## PROVIDED MATERIAL
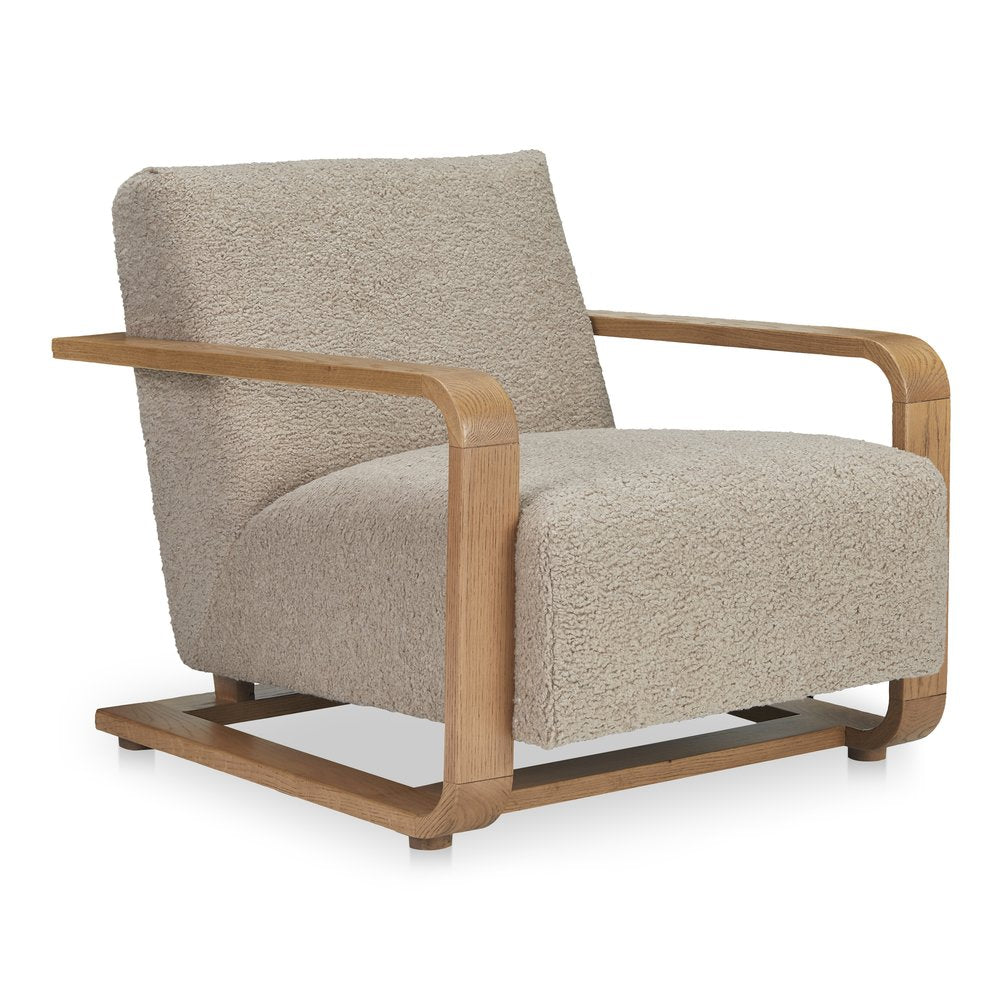 Moes Home - Eckersley Lounge Chair Beige Faux Shearling - ME-1073-34 view 3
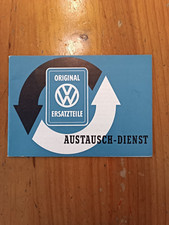 Original Prospekt Volkswagen VW Käfer Austausch Dienst Karmann Bus Automobilia 3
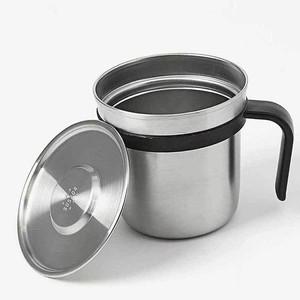 [JHQS7O6B_4B]손잡이 스텐 휴대용 캠핑컵 450ml 등산용컵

## WHAT NEEDS TO BE DONE
Keep the pictures out, and write out the rest of the data above word for word.

## WRITTEN SOLUTION
 Moes Home - Eckersley Lounge Chair Beige Faux Shearling - ME-1073-34 view 3
 Original Prospekt Volkswagen VW Käfer Austausch Dienst Karmann Bus Automobilia 3
 [JHQS7O6B_4B]손잡이 스텐 휴대용 캠핑컵 450ml 등산용컵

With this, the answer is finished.